§ ASSIGNED TASK: Output range, inclusive: from the line containing "Pull Out Cabinet Drawer" to the line containing "image:imageOLESILK Silk Sleep". Restate those lines from the data below word for word and only those.

- - - - - - -

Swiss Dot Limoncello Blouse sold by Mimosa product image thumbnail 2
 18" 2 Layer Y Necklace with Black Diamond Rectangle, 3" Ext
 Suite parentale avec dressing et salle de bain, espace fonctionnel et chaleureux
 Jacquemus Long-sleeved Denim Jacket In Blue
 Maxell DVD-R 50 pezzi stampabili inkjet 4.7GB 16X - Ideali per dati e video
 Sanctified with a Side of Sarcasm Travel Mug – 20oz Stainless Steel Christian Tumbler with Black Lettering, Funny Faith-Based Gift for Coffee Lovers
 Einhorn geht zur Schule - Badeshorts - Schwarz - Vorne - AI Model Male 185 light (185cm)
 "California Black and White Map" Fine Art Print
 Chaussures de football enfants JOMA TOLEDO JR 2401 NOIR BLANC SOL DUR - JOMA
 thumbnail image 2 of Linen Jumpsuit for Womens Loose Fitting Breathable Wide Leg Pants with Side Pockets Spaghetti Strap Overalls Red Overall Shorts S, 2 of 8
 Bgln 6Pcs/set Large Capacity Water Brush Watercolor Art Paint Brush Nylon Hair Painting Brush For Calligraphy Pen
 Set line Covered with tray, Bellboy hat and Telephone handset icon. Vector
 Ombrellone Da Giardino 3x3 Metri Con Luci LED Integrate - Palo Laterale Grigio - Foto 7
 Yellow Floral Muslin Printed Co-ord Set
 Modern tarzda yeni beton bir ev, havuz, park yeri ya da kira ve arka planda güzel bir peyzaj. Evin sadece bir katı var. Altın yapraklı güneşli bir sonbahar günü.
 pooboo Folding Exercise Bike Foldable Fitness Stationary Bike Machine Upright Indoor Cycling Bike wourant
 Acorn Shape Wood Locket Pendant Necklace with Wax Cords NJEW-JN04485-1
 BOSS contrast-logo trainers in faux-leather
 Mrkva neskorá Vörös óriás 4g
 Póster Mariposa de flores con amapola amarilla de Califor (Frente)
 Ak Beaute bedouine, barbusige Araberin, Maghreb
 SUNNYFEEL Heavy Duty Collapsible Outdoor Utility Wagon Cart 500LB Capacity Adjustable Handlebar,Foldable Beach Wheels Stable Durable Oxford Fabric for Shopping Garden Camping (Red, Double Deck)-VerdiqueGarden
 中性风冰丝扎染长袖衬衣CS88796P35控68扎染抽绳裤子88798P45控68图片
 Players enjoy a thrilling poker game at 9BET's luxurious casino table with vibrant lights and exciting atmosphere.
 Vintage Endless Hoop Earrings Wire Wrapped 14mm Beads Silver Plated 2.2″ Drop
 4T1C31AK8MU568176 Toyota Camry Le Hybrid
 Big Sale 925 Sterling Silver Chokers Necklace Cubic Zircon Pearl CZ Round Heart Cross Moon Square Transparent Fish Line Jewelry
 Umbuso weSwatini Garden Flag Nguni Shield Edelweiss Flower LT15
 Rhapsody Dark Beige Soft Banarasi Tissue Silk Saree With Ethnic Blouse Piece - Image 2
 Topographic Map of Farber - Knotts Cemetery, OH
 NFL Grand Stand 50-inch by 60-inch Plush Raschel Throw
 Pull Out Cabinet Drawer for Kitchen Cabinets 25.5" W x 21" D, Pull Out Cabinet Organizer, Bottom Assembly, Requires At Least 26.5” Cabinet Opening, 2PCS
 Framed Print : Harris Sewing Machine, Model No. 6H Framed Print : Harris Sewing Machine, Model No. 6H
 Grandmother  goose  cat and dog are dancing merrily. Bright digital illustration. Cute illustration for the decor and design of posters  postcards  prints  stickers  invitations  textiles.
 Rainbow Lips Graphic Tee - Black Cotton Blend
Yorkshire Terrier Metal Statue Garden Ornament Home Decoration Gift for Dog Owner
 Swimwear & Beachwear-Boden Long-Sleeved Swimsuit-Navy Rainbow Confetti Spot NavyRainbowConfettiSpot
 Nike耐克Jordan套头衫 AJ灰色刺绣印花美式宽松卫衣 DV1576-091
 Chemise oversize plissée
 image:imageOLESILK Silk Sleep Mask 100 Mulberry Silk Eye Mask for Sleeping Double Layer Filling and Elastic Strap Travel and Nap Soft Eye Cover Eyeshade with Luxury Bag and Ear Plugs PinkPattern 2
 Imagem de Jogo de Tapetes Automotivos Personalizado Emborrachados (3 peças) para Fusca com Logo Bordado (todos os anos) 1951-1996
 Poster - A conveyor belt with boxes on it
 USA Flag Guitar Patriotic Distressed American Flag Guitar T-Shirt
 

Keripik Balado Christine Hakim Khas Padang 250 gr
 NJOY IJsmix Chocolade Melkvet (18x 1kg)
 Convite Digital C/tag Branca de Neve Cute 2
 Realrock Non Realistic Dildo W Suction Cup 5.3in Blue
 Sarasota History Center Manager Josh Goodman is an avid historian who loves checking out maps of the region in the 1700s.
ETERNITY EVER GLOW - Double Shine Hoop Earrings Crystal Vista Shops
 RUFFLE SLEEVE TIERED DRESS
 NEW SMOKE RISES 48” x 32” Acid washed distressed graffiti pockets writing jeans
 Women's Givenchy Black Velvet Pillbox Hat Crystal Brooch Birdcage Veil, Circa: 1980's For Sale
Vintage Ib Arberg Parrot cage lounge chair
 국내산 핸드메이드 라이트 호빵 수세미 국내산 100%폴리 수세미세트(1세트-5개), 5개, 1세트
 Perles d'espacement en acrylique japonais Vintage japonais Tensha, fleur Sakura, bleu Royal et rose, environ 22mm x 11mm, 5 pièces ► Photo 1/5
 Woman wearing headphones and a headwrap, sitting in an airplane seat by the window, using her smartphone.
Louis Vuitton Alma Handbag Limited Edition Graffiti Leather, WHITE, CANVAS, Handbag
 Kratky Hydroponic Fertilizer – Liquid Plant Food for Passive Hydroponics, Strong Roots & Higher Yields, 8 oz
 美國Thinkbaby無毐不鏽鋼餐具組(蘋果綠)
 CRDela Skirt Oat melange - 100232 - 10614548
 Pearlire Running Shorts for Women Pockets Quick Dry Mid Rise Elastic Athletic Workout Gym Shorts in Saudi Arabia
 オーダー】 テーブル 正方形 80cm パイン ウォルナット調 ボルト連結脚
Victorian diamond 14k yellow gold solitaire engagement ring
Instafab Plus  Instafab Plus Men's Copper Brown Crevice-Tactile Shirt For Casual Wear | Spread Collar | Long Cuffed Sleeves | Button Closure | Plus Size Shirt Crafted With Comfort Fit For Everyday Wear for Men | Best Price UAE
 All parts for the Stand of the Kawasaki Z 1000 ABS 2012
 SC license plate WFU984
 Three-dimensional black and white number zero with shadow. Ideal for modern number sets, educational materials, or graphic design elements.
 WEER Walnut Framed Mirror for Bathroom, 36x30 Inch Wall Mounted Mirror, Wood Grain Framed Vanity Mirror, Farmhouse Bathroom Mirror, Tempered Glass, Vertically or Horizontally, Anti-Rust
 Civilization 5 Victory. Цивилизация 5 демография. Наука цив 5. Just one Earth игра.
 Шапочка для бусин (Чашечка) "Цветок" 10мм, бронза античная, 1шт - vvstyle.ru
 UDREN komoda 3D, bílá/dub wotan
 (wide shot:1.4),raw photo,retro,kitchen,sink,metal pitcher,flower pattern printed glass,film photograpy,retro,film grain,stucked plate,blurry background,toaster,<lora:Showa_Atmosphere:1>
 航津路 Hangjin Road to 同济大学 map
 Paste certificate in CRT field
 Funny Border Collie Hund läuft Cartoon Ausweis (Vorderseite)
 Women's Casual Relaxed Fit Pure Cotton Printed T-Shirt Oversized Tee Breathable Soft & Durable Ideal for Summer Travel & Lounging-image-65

- - - - - - -

§ EXERCISE ANSWER:
 Pull Out Cabinet Drawer for Kitchen Cabinets 25.5" W x 21" D, Pull Out Cabinet Organizer, Bottom Assembly, Requires At Least 26.5” Cabinet Opening, 2PCS
 Framed Print : Harris Sewing Machine, Model No. 6H Framed Print : Harris Sewing Machine, Model No. 6H
 Grandmother  goose  cat and dog are dancing merrily. Bright digital illustration. Cute illustration for the decor and design of posters  postcards  prints  stickers  invitations  textiles.
 Rainbow Lips Graphic Tee - Black Cotton Blend
Yorkshire Terrier Metal Statue Garden Ornament Home Decoration Gift for Dog Owner
 Swimwear & Beachwear-Boden Long-Sleeved Swimsuit-Navy Rainbow Confetti Spot NavyRainbowConfettiSpot
 Nike耐克Jordan套头衫 AJ灰色刺绣印花美式宽松卫衣 DV1576-091
 Chemise oversize plissée
 image:imageOLESILK Silk Sleep Mask 100 Mulberry Silk Eye Mask for Sleeping Double Layer Filling and Elastic Strap Travel and Nap Soft Eye Cover Eyeshade with Luxury Bag and Ear Plugs PinkPattern 2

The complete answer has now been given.